PROBLEM TO SOLVE: Copy the records below exactly.

RECORDS FOR PROCESSING:
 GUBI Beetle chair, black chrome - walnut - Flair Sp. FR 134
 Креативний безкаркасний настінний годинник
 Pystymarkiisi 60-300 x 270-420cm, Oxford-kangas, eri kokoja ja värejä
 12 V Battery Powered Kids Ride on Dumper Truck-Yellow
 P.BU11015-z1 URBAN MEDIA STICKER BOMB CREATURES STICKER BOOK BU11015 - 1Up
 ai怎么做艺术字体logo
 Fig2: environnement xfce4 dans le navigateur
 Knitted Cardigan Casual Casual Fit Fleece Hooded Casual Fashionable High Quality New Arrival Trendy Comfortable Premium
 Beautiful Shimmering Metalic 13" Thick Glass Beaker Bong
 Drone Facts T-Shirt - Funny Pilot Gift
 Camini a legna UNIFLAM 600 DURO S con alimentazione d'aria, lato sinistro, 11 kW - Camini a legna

EXERCISE SOLUTION:
 GUBI Beetle chair, black chrome - walnut - Flair Sp. FR 134
 Креативний безкаркасний настінний годинник
 Pystymarkiisi 60-300 x 270-420cm, Oxford-kangas, eri kokoja ja värejä
 12 V Battery Powered Kids Ride on Dumper Truck-Yellow
 P.BU11015-z1 URBAN MEDIA STICKER BOMB CREATURES STICKER BOOK BU11015 - 1Up
 ai怎么做艺术字体logo
 Fig2: environnement xfce4 dans le navigateur
 Knitted Cardigan Casual Casual Fit Fleece Hooded Casual Fashionable High Quality New Arrival Trendy Comfortable Premium
 Beautiful Shimmering Metalic 13" Thick Glass Beaker Bong
 Drone Facts T-Shirt - Funny Pilot Gift
 Camini a legna UNIFLAM 600 DURO S con alimentazione d'aria, lato sinistro, 11 kW - Camini a legna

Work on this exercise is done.